Oh my the struggles.
Crumbled under contract’s weight.
Needs to build back up.

When blame is being divvied out, Salmons has been more than willing to take his share.  And he’s more than deserving of that same share.  He spent most of the season with a sub-40% field goal percentage, a disastrous number from a player that was assumed to take on the biggest role offensively on the team.

Larry Sanders

Long with many tools.
Now, dangerous shot-blocker.
Leaves us wanting more.

Sanders minutes fluctuated, presumably with his attention to detail.  There were time when we’d see Sanders catch a tongue lashing while on the court from Coach Skiles and times in which he was pulled, instructed and re-inserted immediately.  It was a learning season for him.  But he seemed to be getting better all the time.  He’s always willing to taken an open 18-foot jump shot, the next steps for him are making those more often and building an attack move off of that.  If he can take those two steps in cohesion before next season, there may be a lot of minutes available for him.  He’s already a premier shot-blocker.

Brian Skinner

Always good soldier
Two games, no attempts.
Still, had a cool beard.

Skinner hung around Milwaukee and got a job when the team was a little thin up front.  He drives a huge Hummer and looked capable during the pre-season.  Seems unlikely he’ll ever have a regular NBA job again though.

Garrett Temple

Had chance, mixed results.
Bright guy, quick learner. Had flaws.
Errant shot.
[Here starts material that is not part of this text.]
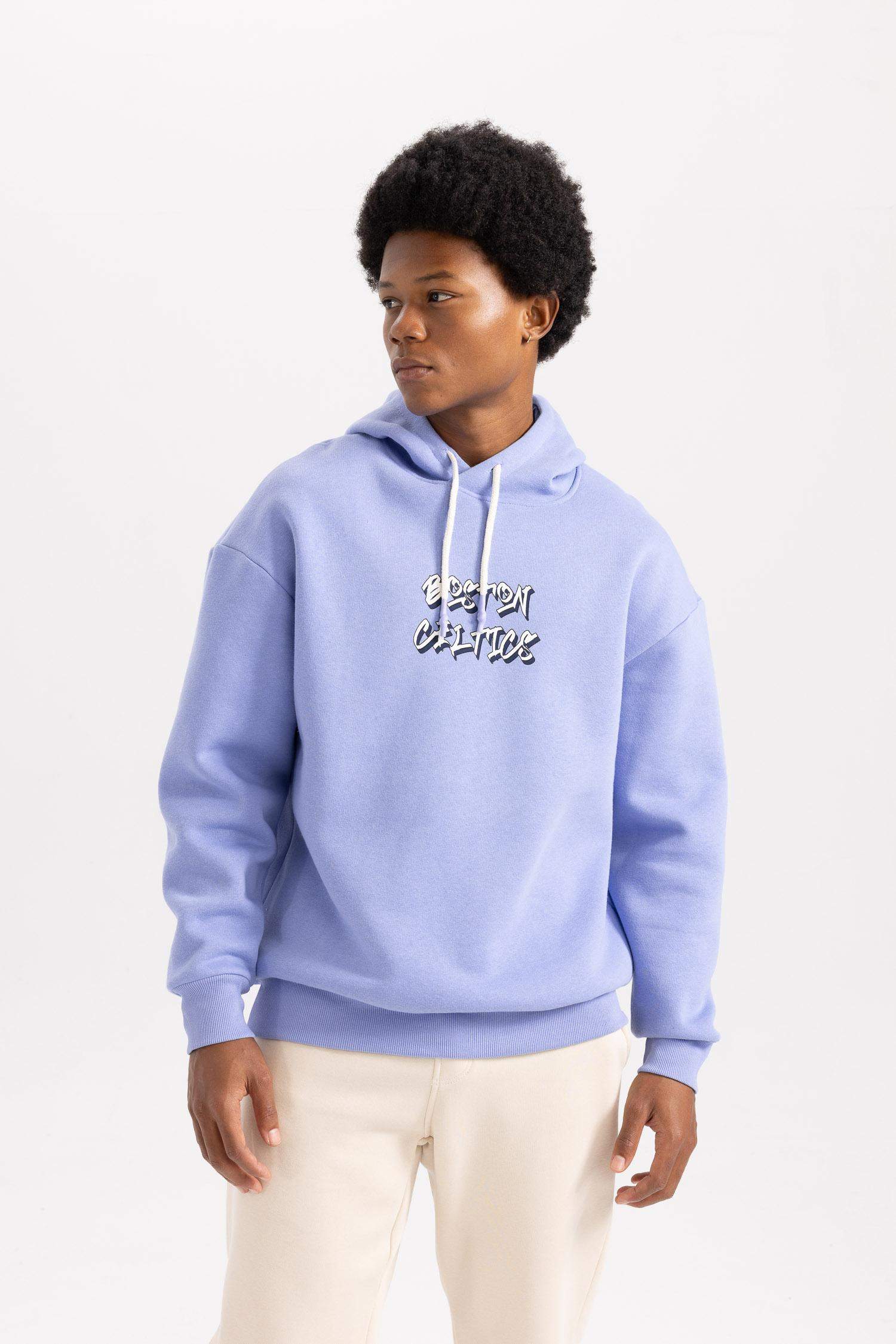 Свитшот оверсайз NBA Boston Celtics с капюшоном, DeFactoFit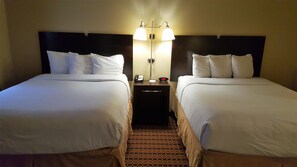 Desk, laptop workspace, blackout curtains, soundproofing - Affordable Suites of America Rogers - Bentonville (Rogers)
Could stick.

Temple seemed to get it while he was out there.  He just couldn’t get his shots to fall with much regularity while with the Bucks.  That was a problem for him wherever he was in the NBA this season.  He shot less than 30% on the year, that’s not going to cut it for a fringe player who looks like he’ll be makings his bones on defense.  That’s all well and good, but even the best defenders must be below average offensive players.  Not completely abysmal offensive players.

Jeremy Schmidt writes the Milwaukee Bucks blog Bucksketball.com. Follow him on Twitter. Become a fan on Facebook (right sidebar).

I watch the Milwaukee Bucks often and write about what I see…

3 Comments

  1. Looking forward to see Jennings’ further development. He is a tough, well-focused player, but lets his youth get the best of him too often. He keeps trying to turn into Allen Iverson while Coach Skiles wants him to be like himself or someone like Jason Kidd. If management wants to continue to build around Jennings and Bogut, Jennings needs to go that “Kidd” route.

  2. @Ted
    The problem is, first, AI is seriously overpaid, we already have several guys with bad contracts that we’ll be eating for 4 more years. Next, AI took a step back this season, especially with all of the injuries. Third, who do we trade for him that Philadelphia will want? The conversation will start with Bogut and Jennings, and without one of those two guys, no deal for the Sixers. Fourth, we already have a logjam of players at the SG and SF spots.

    I say give this core one more year together. If they don’t make the playoffs, it will be time to blow it up and probably keep just Bogut unless Jennings has a great year. If they both take a step back, feel free to trade them away.